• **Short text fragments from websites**
-----

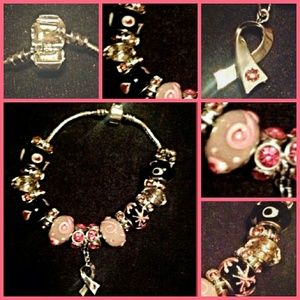 BREAST CANCER AWARENESS Murano bead charm bracelet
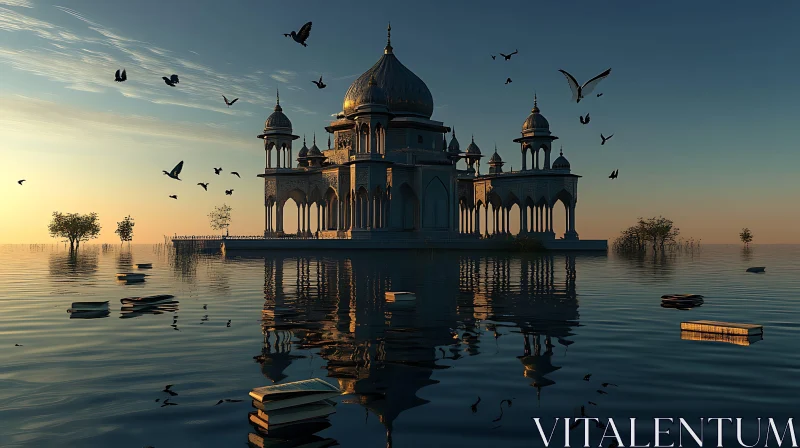 AI ART Temple in Water with Birds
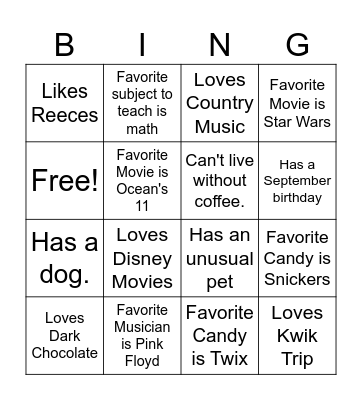 Get To Know Roosevelt Staff! Bingo Card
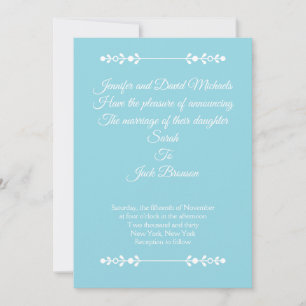 Invitación de boda moderna azul claro y blanco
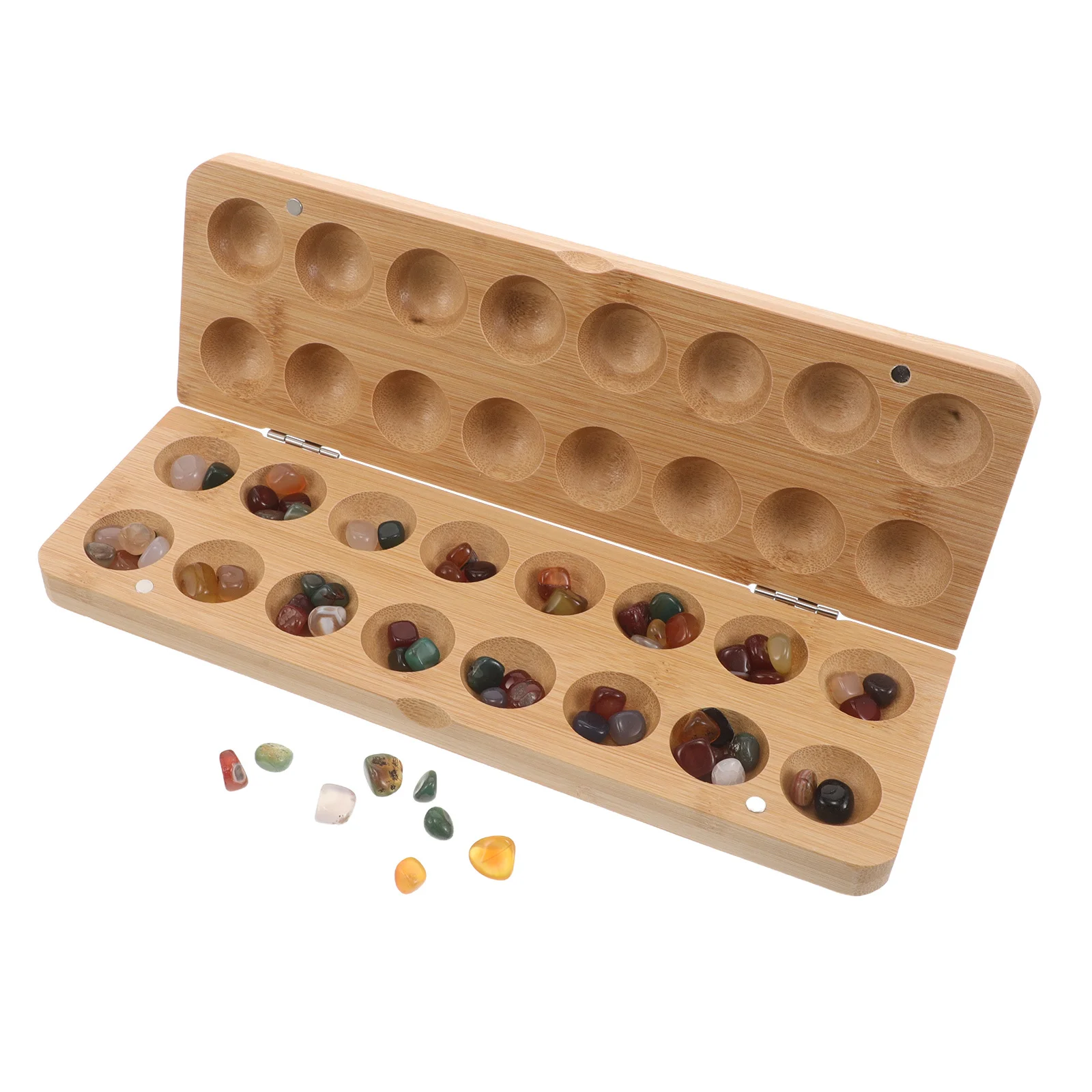 

1Set Mancala Board Game Handmade Bamboo Chess Stone Pebbles Colorful Indoor Logical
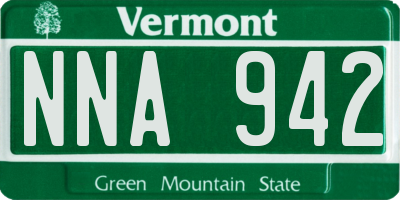VT license plate NNA942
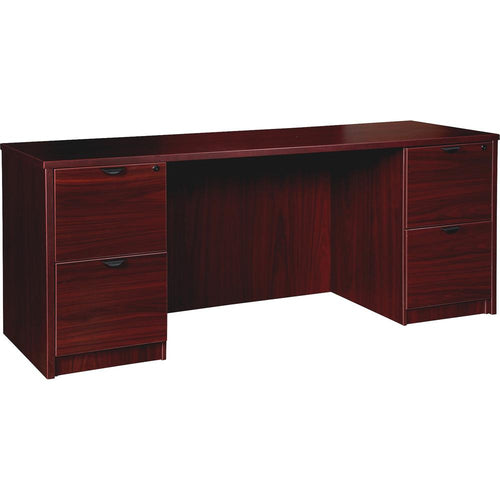 Lorell Prominence 2.0 Double-Pedestal Credenza - 72'' x 24''29'' , 1'' Top - 2 x File Drawer(s) - Double Pedestal on Left/Right Side - Band Edge - Material: Particleboard - Finish: Thermofused Melamine (T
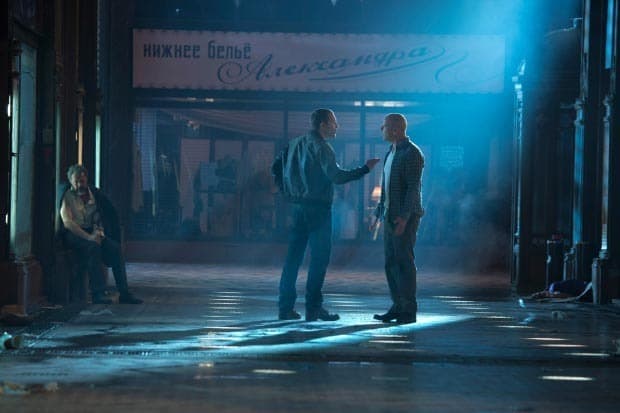 Jai Courtney and Bruce Willis in A Good Day to Die Hard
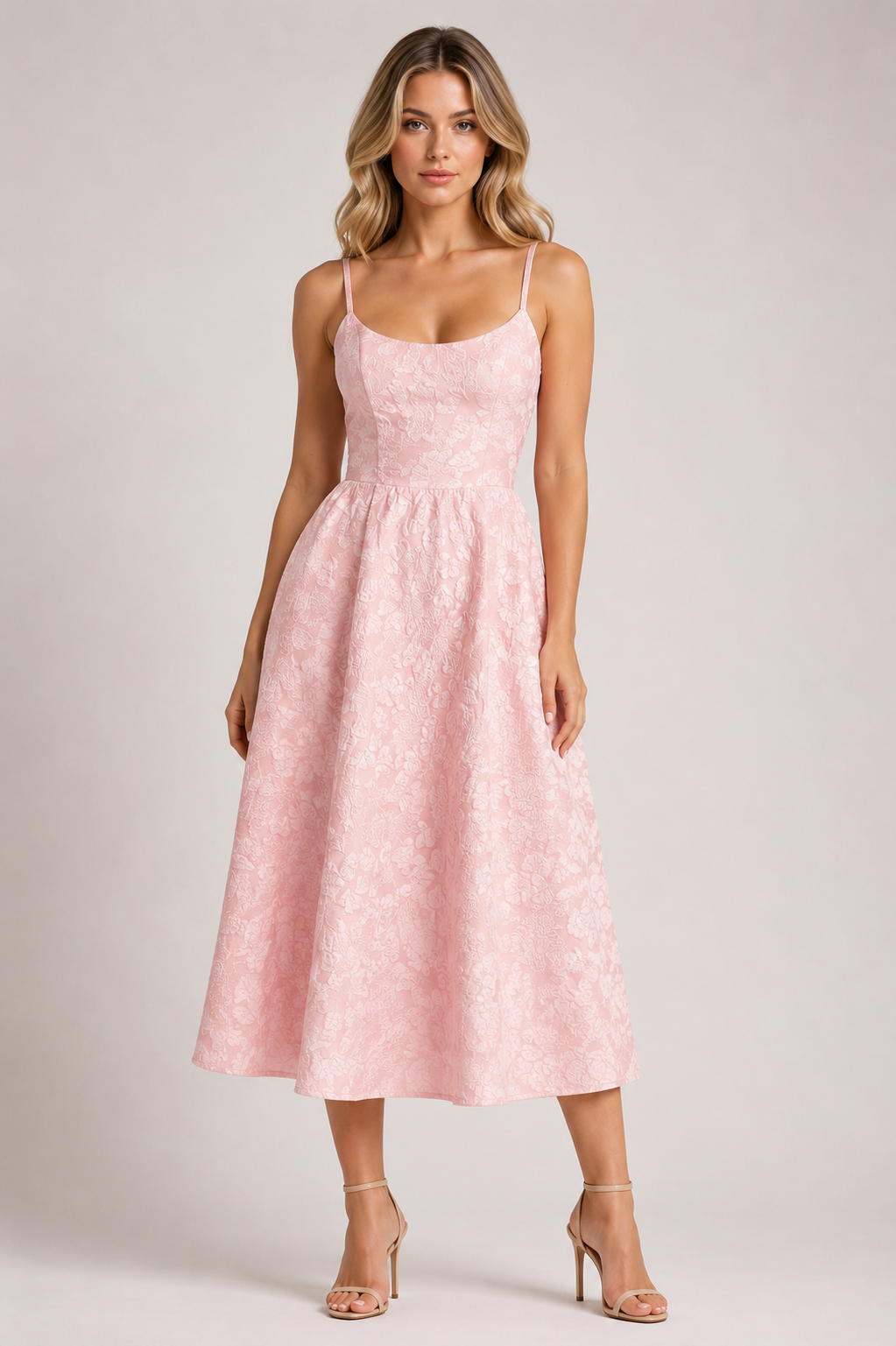 Women's Elegant Spaghetti Strap Midi Dress French Style Wedding Guest & Party Dress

-----

• **WORK TASK**
An exact copy of the records is required. Pictures do not belong in it.

• **ANSWER TO THIS TASK**
 BREAST CANCER AWARENESS Murano bead charm bracelet
 AI ART Temple in Water with Birds
 Get To Know Roosevelt Staff! Bingo Card
 Invitación de boda moderna azul claro y blanco

1Set Mancala Board Game Handmade Bamboo Chess Stone Pebbles Colorful Indoor Logical
VT license plate NNA942
 Lorell Prominence 2.0 Double-Pedestal Credenza - 72'' x 24''29'' , 1'' Top - 2 x File Drawer(s) - Double Pedestal on Left/Right Side - Band Edge - Material: Particleboard - Finish: Thermofused Melamine (T
 Jai Courtney and Bruce Willis in A Good Day to Die Hard
 Women's Elegant Spaghetti Strap Midi Dress French Style Wedding Guest & Party Dress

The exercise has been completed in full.